Kalk Bay business owners have given the area’s car guards an image make-over, which they hope will make the neighbourhood safer and more attractive to visitors.
The business people say they felt the pinch during roadworks on Main Road and now they’re trying to do everything they can to lure back those who stayed away from the area during the worst of the congestion.
One way they intend doing that, says Jack Cullinan, one of the business owners, is by formalising car guards in the area.
The move followed a meeting with the police and traffic authorities in the build-up to the festive season to map a plan for “a safer December”.
“I was nominated to co-ordinate on behalf of business what needed to be done. Simon Curtis (another business owner) and I took on the project,” said Mr Cullinan, adding that it had had the full support of the police, law enforcement and traffic department.
“Small businesses in Kalk Bay have taken a decision to make it a safer place to visit; we want everyone to relax and enjoy their experiences here,” he said.
Under the new plan, a WhatsApp group has been created, radios have been issued to security guards, a bank-employed guard has been posted at the ATMs and car guards have been vetted and issued with new bibs.

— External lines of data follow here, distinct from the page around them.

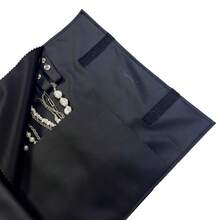 UnionPlus Travel Jewelry Roll, Large Faux Leather Necklaces Organizer Bag, Elastic Band And Anti-Winding, Black - 黑色皮革 - 查看 5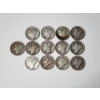 Image 1 : Lot of 13 Assorted Years 90% Silver Mercury Dimes Face Value: $1.30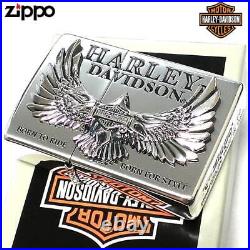 Zippo Oil Lighter Harley Davidson Eagle Metal HDP-76 Silver Regular Case Japan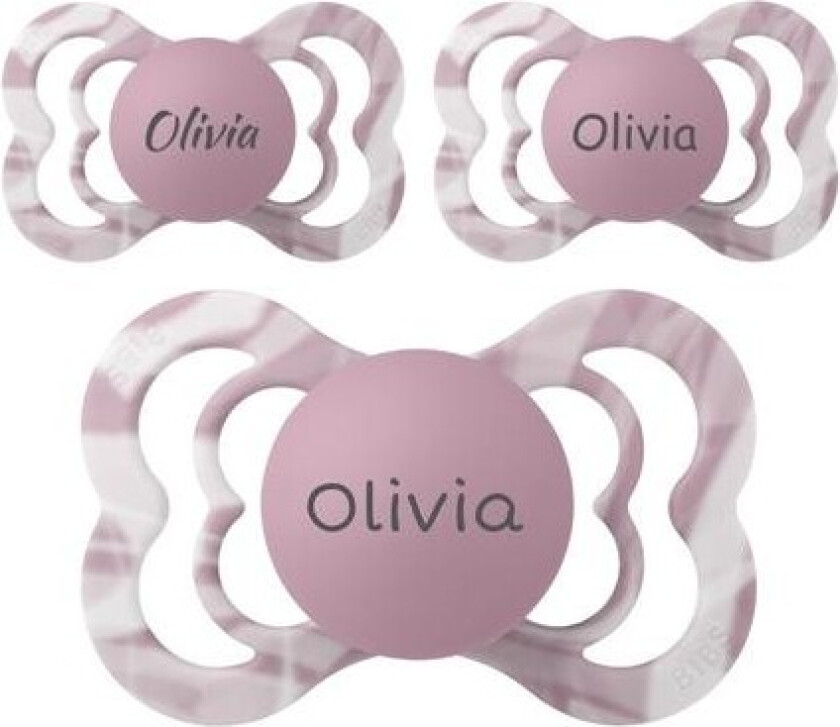 Bibs Supreme Tie Dye, Str. 2 (6+ Md.), Symmetrisk - Silikon, Smokker Med Navn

“These gentlemen will be wearing a red vest, an ID tag and they have all signed a code of conduct,” Mr Cullinan said.
The guards who sign the code promise to stay sober, not use or deal in drugs and keep themselves clean and presentable along with their patch and surrounds. They also commit to smiling and introducing themselves, helping each other and keeping bays for disabled motorists open.
Those behind the plan hope the days of dishevelled-looking car guards intimidating drivers and ushering them into illegal parking spots are over.

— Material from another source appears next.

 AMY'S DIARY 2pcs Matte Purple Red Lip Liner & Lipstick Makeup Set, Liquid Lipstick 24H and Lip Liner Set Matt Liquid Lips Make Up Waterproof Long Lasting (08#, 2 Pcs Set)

“The public is requested to only recognise these gentlemen as official and not to tip anyone else,” said Mr Cullinan. “We also request that visitors report parking attendants who are not adhering to the codes. This is an experiment in its early stages, and we would welcome comment from our visitors.”
Mr Cullinan said the guards were chosen by calling in the existing ones, many of whom had been in the area for more than five years, and putting the idea to them. Their response, he said, had been an overwhelming yes.
The guards were asked for their ID numbers so they could be vetted by the police, and they were issued with their new red vests after signing the code of conduct.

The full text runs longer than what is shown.